Re: [PATCH v1 2/8] tracing/ftrace: guard syscall probe with preempt_notrace

From: Mathieu Desnoyers
Date: Fri Oct 04 2024 - 10:21:32 EST


On 2024-10-04 15:26, Steven Rostedt wrote:
On Thu, 3 Oct 2024 21:33:16 -0400
Mathieu Desnoyers <mathieu.desnoyers@xxxxxxxxxxxx> wrote:

On 2024-10-04 03:04, Steven Rostedt wrote:
On Thu, 3 Oct 2024 20:26:29 -0400
Mathieu Desnoyers <mathieu.desnoyers@xxxxxxxxxxxx> wrote:

static void ftrace_syscall_enter(void *data, struct pt_regs *regs, long id)
{
struct trace_array *tr = data;
struct trace_event_file *trace_file;
struct syscall_trace_enter *entry;
struct syscall_metadata *sys_data;
struct trace_event_buffer fbuffer;
unsigned long args[6];
int syscall_nr;
int size;

syscall_nr = trace_get_syscall_nr(current, regs);
if (syscall_nr < 0 || syscall_nr >= NR_syscalls)
return;

/* Here we're inside tp handler's rcu_read_lock_sched (__DO_TRACE) */
trace_file = rcu_dereference_sched(tr->enter_syscall_files[syscall_nr]);

^^^^ this function explicitly states that preempt needs to be disabled by
tracepoints.

Ah, I should have known it was the syscall portion. I don't care for this
hidden dependency. I rather add a preempt disable here and not expect it to
be disabled when called.

Which is exactly what this patch is doing.

I was thinking of putting the protection in the function and not the macro.

I'm confused by your comment.
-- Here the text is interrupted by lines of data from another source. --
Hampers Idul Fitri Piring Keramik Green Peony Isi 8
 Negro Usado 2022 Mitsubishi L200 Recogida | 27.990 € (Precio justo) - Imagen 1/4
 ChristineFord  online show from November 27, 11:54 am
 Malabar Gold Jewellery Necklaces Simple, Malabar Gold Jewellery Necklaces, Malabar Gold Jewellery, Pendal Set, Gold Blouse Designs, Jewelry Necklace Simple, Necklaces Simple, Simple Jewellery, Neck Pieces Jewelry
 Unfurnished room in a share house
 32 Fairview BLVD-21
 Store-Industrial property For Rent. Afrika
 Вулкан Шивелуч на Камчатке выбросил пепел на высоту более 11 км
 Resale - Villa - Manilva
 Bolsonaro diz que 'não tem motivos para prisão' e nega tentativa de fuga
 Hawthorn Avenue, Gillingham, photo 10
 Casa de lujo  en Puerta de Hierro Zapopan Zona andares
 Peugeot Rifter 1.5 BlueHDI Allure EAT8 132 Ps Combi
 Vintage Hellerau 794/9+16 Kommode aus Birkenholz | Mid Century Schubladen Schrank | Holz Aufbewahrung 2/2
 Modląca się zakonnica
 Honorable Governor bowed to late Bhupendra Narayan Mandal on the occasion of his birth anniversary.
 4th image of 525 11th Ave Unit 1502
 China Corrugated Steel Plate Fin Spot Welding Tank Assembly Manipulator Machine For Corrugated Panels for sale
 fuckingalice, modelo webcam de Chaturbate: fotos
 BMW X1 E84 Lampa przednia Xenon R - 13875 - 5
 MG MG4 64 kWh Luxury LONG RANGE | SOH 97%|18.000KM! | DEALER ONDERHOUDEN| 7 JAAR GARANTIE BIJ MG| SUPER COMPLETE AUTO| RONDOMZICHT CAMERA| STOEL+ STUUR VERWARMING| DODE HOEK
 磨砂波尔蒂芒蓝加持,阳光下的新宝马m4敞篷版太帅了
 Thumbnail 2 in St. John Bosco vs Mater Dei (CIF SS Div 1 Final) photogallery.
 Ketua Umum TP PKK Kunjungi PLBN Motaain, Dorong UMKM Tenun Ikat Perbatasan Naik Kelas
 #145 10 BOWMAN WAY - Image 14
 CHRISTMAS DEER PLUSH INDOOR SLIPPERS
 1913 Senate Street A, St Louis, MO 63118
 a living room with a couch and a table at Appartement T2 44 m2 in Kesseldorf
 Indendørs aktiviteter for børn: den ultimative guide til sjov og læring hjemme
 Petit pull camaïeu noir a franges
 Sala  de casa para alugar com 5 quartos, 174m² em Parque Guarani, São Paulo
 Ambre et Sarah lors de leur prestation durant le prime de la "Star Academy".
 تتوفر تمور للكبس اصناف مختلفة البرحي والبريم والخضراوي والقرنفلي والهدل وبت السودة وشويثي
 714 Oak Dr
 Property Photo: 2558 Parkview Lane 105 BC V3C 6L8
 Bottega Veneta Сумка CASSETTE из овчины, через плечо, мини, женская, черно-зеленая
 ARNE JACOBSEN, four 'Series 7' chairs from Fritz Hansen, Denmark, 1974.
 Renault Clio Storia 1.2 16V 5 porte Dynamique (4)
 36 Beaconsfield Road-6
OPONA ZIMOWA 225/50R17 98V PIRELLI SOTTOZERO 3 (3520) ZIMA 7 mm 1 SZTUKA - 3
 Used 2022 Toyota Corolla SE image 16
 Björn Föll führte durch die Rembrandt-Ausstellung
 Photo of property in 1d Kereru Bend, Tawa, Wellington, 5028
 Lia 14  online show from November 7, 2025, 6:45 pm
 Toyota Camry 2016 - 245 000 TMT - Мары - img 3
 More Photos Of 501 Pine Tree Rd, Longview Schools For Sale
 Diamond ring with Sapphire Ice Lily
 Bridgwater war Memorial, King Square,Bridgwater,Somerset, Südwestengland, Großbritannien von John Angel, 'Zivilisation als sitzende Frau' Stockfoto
The protection is added to the function here:

diff --git a/kernel/trace/trace_syscalls.c b/kernel/trace/trace_syscalls.c
index 67ac5366f724..ab4db8c23f36 100644
--- a/kernel/trace/trace_syscalls.c
+++ b/kernel/trace/trace_syscalls.c
@@ -299,6 +299,12 @@ static void ftrace_syscall_enter(void *data, struct pt_regs *regs, long id)
int syscall_nr;
int size;
+ /*
+ * Syscall probe called with preemption enabled, but the ring
+ * buffer and per-cpu data require preemption to be disabled.
+ */
+ guard(preempt_notrace)();
+
syscall_nr = trace_get_syscall_nr(current, regs);
if (syscall_nr < 0 || syscall_nr >= NR_syscalls)
return;
@@ -338,6 +344,12 @@ static void ftrace_syscall_exit(void *data, struct pt_regs *regs, long ret)
struct trace_event_buffer fbuffer;
int syscall_nr;
+ /*
+ * Syscall probe called with preemption enabled, but the ring
+ * buffer and per-cpu data require preemption to be disabled.
+ */
+ guard(preempt_notrace)();
+
syscall_nr = trace_get_syscall_nr(current, regs);
if (syscall_nr < 0 || syscall_nr >= NR_syscalls)
return;

(I'll answer to the rest of your message in a separate email)

Thanks,

Mathieu

--
Mathieu Desnoyers
EfficiOS Inc.
https://www.efficios.com